Figure 7. Sediment flux parameters measured at the three sites across the reef flat and lagoon. (A) Bedform migration rate. (B) Total sediment flux by migrating bedform. (C) Near-bed acoustic backscatter from 10 cm above bottom, a proxy for suspended sediment. Color represents the site location: Red = TR1 on the outer reef flat near the reef crest, blue = TR2 on the inner reef flat, and green = TR3 in the lagoon.

The flux of sediment toward the shore associated with bedform migration on the reef flat at TR2 ranged from 13 to 485 kg/m/d, with an average daily rate of 61 kg/m/d. This average does not include the time period after ripples had washed out on sheetflow conditions (YD 150-157). Periods of higher average sediment flux due to ripple migration did not always coincide with instantaneous peaks in ripple migration rate, highlighting the ephemeral nature of migration. Near-bottom average acoustic backscatter on the reef flat illustrates the degree to which the transport is tidal, particularly when bedforms were present. When bedforms washed out, near-bottom backscatter was consistently elevated, demonstrating a shift to transport by suspended load on the reef flat under high-energy forcing.

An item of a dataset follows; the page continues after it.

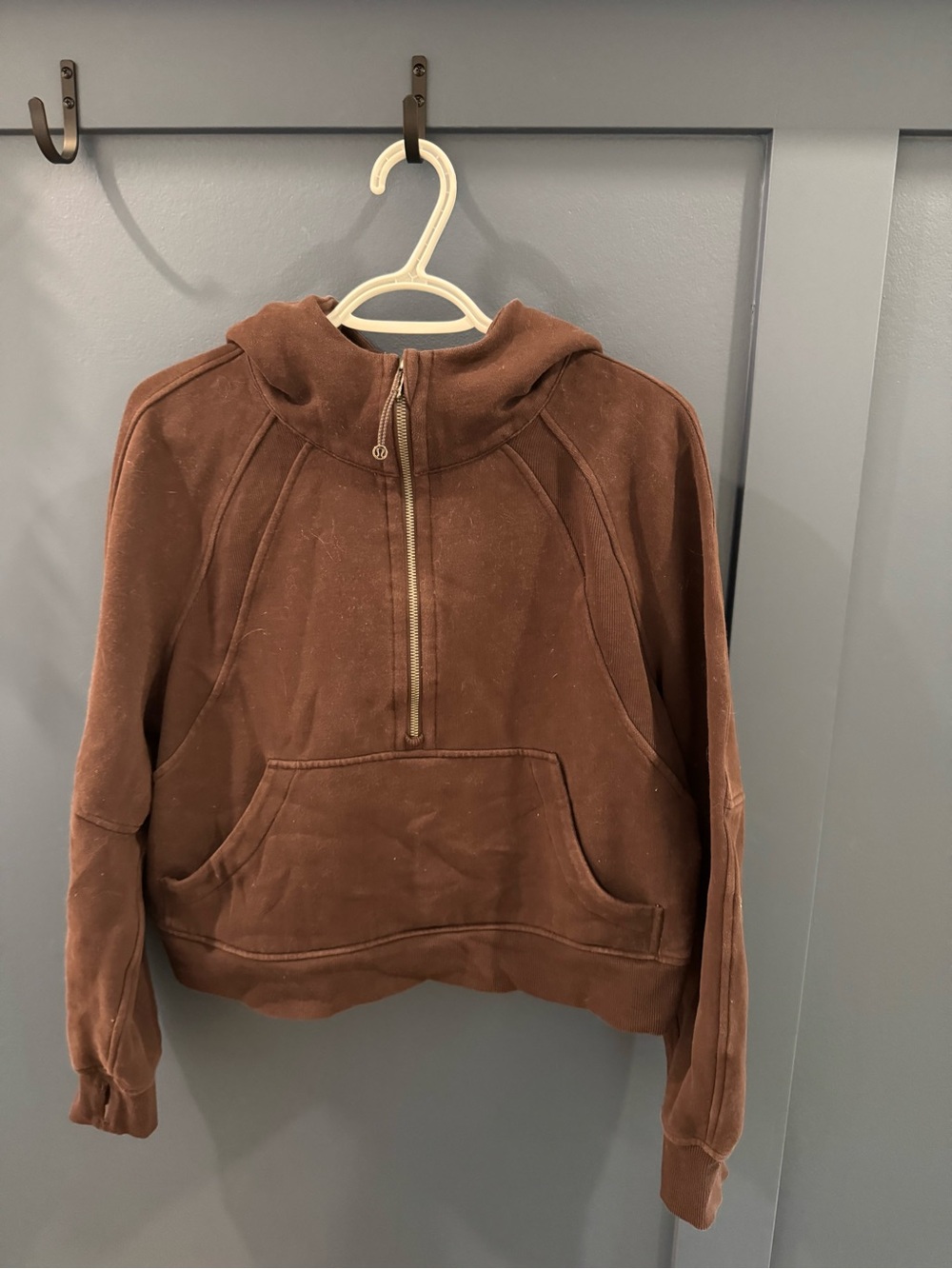 Lululemon Scuba Hoodie in Espresso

In the lagoon, bedforms appeared to be present throughout the study (i.e., washout of bedforms did not occur, as was observed on the inner reef flat), and the average bed elevation varied little. Migration would peak at the onset of a swell event, gradually slowing, and eventually ceasing altogether (Figure 7A). While bedform migration and transport was observed on the inner reef flat in the latter half of the study period, after the swell events, there was no detectable bedform migration in the lagoon for several days. This is not to say that there was no change in bed elevation; there was still variability of up to 5 cm in the ∼1-week period after the second swell event on YD 162-170 (Figures 6D,E). This change was slow and variable between altimeters such that it was difficult to identify coherent peaks in bedforms. Bedform sediment flux toward the shore was reduced in the lagoon relative to the reef flat and when bedform migration was detected ranged from 20 to 231 kg/m/d, with an average daily rate of 34 kg/m/d when migrating bedforms were detected (Figure 6B). The average daily rate calculated for the lagoon over the same 23-day period that bedform migration was detected on the reef flat is half as much as that measured on the reef flat (19 kg/m/d).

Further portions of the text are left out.